Cisco VPC (Virtual Port Channel) Basics

VPC Overview

VPC or Virtual Port Channel is a Cisco proprietary feature available on the Nexus platform. Two switches of the same model can be combined into a VPC pair, which can establish a single EtherChannel, also known as a link aggregate or a port channel, across both switches to a third switch or server.

This peering device doesn’t know that it is connected to two different switches and it just needs to support link aggregation either statically or using Link Aggregation Control Protocol (LACP).
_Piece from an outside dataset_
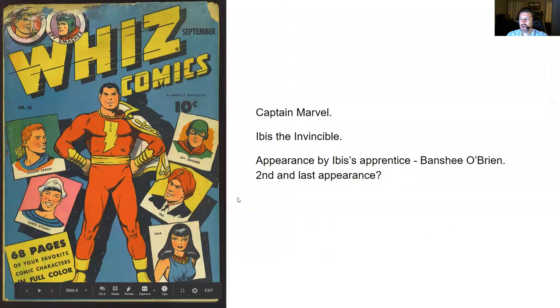Next up we have Wiz Comics number 46. Sorry about the cover image — it's a little mangled — but I was reading the Captain Marvel story and the Ibis the Invincible story. In this issue there's an appearance by Ibis's apprentice who's named Banshee O'Brien, a young lad, a little kid. From what I can tell, this is the apprentice's second and last appearance. I didn't get to read about his first appearance as I didn't have access to that issue.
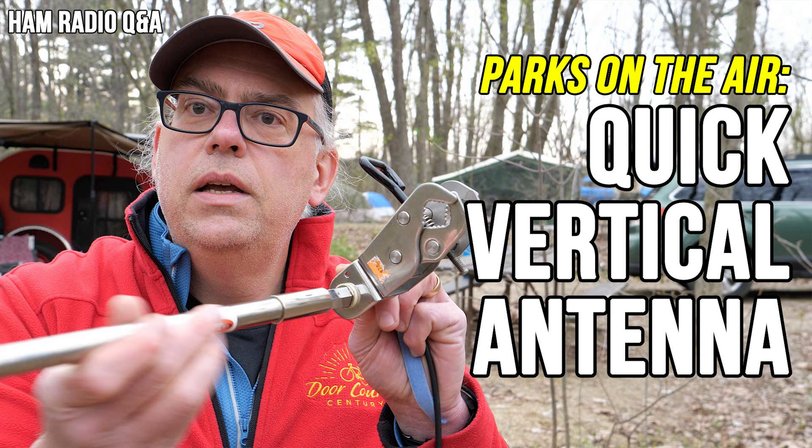Number six: how to get on the air faster. This video is my only Parks on the Air activation video that made the top 10 list. In it, I talk about my expedited method of using a quarter wave vertical whip and radio network for super fast portable antenna deployment.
MultiChassis EtherChannel (MCEC) or MultiChassis Link Aggregation (MLAG) terms refer to the technique of bundling links across more than 1 device. VPC is Cisco’s implementation of MCEC/MLAG on the Nexus line of switches. Similarly, Cisco Catalyst switches support Virtual Switching System (VSS) or StackWise-based MLAGs.

VPC channel group – is similar to traditional EtherChannel, however, has its member ports on different switches

VPC port or VPC member port – is a port that is part of VPC-based port-channel

Without VPC, parallel links are considered as a Layer 2 loop. Spanning-Tree Protocol (STP) would block one of these links. To enable simultaneous use of these parallel links, STP priority adjustments were required and load balancing was done on per-VLAN or per-MST instance basis. Such configuration adds complexity and doesn’t provide even traffic distribution.

VPC addresses these issues. With VPC, multiple uplinks from an access switch are treated as a single link. Layer-2 topology becomes loop-free and no port blocking by Spanning Tree Protocol is required.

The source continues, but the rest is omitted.